La scuola dovrebbe tornare (o, almeno, provare a tornare) al suo significato etimologico e stimolare il naturale atteggiamento poetico dei bambini e dei ragazzi e fare così naturalmente “poesia”, che è produzione dal sé e del sé. A scuola avvicinare i bambini alla poesia non dovrebbe essere far imparare poesie a memoria, farle imparare più lunghe per dimostrare quanto siano bravi a memorizzarle, scegliere poesie in base agli eventi, periodi o mode (anche editoriali) del momento, secondo il proprio punto di vista adulto, preparare recite e saggi di fine anno, né far studiare poeti, spiegare e far rispettare la metrica.
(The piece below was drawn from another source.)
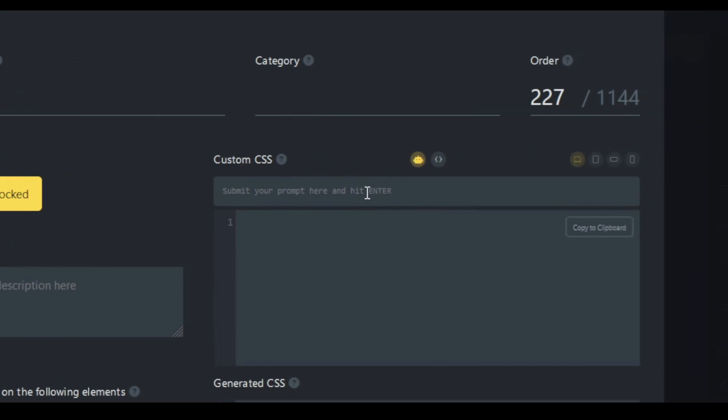So let's just do like background color secondary. Now you could use raw values here. I'm using Core Framework to add my variables. Let's just do like text of secondary, like a light color L9.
La poesia è linguaggio, emozione, ascolto, espressione, è come la primavera: va annusata, sentita sulla pelle, interiorizzata. Educare alla poesia, coltivare l’atteggiamento poetico è, pertanto, far provare emozioni, far conoscere la propria interiorità e farla esprimere liberamente. La poesia contribuisce allo sviluppo pieno ed armonioso della personalità del fanciullo e a creare un’atmosfera di felicità, amore e comprensione (dal Preambolo della Convenzione Internazionale sui Diritti dell’Infanzia). Si può parlare di una sorta di “diritto alla poesia” come diritto all’ascolto (art. 12 Convenzione Internazionale sui Diritti dell’Infanzia) e diritto alla libertà di espressione (art. 13 Convenzione).

Significativo il monologo del regista Paolo Sorrentino sulla scuola (20 gennaio 2023), in particolare sui genitori nella scuola per i quali usa l’espressione “entusiasmo immotivato” e conclude dicendo che dell’educazione dei genitori si dovrebbe occupare Dio. La scuola è diventata uno show sottoposto all’indice di gradimento, audience, share dei genitori che fanno da fan dei figli e critici televisivi degli insegnanti. Anziché manifestare entusiasmo immotivato per ogni minima cosa (anche irrilevante, per esempio dire ripetutamente “bravo/a, bravissimo/a” al/la figlio/a durante il semplice svolgimento dei cosiddetti compiti a casa), i genitori dovrebbero instillare entusiasmo motivato nei figli (ai quali trasmettono, invece, tutt’altro).

La scuola deve co-progettare e non diventare un progettificio e un’applicazione di programmi: i bambini stessi sono progetti di vita e gli adulti di riferimento devono contribuire a “fare cantiere”.